If you’re a regular in the beauty sphere, then you may have heard about (or comparisons to) Bobbi Brown products: shimmer bricks, vitamin enriched face base, crushed liquid lipsticks, etc. Ring a bell? Well, there’re 75 products listed on Sephora.com for this brand, which cover every step of makeup application, including skincare and brushes.
But there’s much more to the brand than just high price tags and simple/professional packaging. Welcome to Artist Spotlight #3 series on my blog.
Brown graduated from Emerson College in Boston with a self-directed degree in theatrical makeup. In 1980, she moved to NYC to work as a professional makeup artist. Brown became known for a makeup style that included moderate and natural tones, which was a stark contrast to the bright colors used at the time.
A chance meeting with an NBC Today Show producer led to her 12-year run as a regular beauty consultant on the show. The revolutionary success of her makeup line prompted Estee Lauder to buy the company in 1995, retaining Brown as an employee. Her work has since been featured on the covers of magazines such as Elle, Vogue, Self, and Town & Country. Brown was inducted into the New jersey Hall of Fame as part of the Class of 2013. Brown served as Yahoo Beauty’s Editor-in-Chief from February 2014 to February 2016. In November 2017, Brown received the Women’s Entrepreneurship Day Pioneer Award for her work in Beauty.
In 1990, Brown worked with a chemist to come up with ten natural lipstick shades. In 1991, the ten shades debuted under the name Bobbi Brown Essentials at Bergdorf Goodman. She was expecting to sell 100 in a month but instead sold 100 in a day. The following year, she released yellow-toned foundation sticks. Estée Lauder Companies Inc. bought Bobbi Brown Essentials in 1995; Brown retained complete creative control of the makeup line. In 2007, the first freestanding Bobbi Brown Cosmetics retail store opened in Auckland, New Zealand with a makeup school in the back. In 2012, Bobbi Brown’s cosmetics were estimated to represent approximately ten percent of Estée Lauder Companies’ total sales. As of January 2014, there were approximately thirty free-standing Bobbi Brown cosmetics stores.
Why Did She Leave?
Flipping through Bobbi Brown’s latest book, Beauty from the Inside Out, you’ll notice the makeup section is all the way at the end, practically an afterthought. That’s because Brown’s newest chapter in life is more about inner beauty than outer appearance. “In all my books, there were things about how food, drinking water, and lifestyle are going to make you the best version of yourself,” (she tells SELF), but the advice was complementary to a central focus on cosmetics. This time, she wanted to go all in. “I really tried to talk my publisher into letting me do a full-on health and wellness book,” she says. “We had to compromise and put some makeup in the back of the book.”

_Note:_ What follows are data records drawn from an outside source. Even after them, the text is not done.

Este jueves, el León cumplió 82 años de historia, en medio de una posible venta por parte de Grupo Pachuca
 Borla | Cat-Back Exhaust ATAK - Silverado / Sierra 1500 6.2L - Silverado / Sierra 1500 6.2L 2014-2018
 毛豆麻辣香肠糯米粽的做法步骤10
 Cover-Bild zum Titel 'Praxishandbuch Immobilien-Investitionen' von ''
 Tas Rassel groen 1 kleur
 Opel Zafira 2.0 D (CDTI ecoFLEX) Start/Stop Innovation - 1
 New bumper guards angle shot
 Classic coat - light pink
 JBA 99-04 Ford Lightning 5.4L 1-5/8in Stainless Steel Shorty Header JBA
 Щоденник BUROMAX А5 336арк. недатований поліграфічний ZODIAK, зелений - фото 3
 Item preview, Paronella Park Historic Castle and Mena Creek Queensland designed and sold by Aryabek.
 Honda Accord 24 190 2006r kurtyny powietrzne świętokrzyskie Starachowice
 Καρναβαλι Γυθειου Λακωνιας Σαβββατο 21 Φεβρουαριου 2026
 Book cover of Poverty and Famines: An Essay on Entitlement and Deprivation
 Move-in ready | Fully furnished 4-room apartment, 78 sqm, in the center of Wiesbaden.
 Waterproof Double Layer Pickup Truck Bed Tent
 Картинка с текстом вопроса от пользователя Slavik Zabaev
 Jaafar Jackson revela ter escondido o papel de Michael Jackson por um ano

At the end of 2016, Brown announced that she was leaving her namesake makeup brand. To say beauty industry insiders were shocked would be an understatement. After two decades as the first and last name in makeup for many women, Brown had expanded her presence even more in recent years. She served as the editor-in-chief of Yahoo Beauty’s ambitious editorial relaunch in 2014 and still found time to for a personal blog, Everything Bobbi, where she gave readers an inside look at the inspiration behind her product launches, as well as her sartorial favorites.
But behind the scenes, Brown’s mood was shifting. Makeup no longer felt to her like the be-all-end-all of beauty, and the trends of the day were starting to wear her down. “It was not an overnight decision,” she says. “I was able to move into something I believe in 100 percent and not have to argue with people about another contour palette that I refuse to do.” As of January 1, 2017, Brown officially stepped away from her role as chief creative officer of the brand, her name the only remnant of her influence.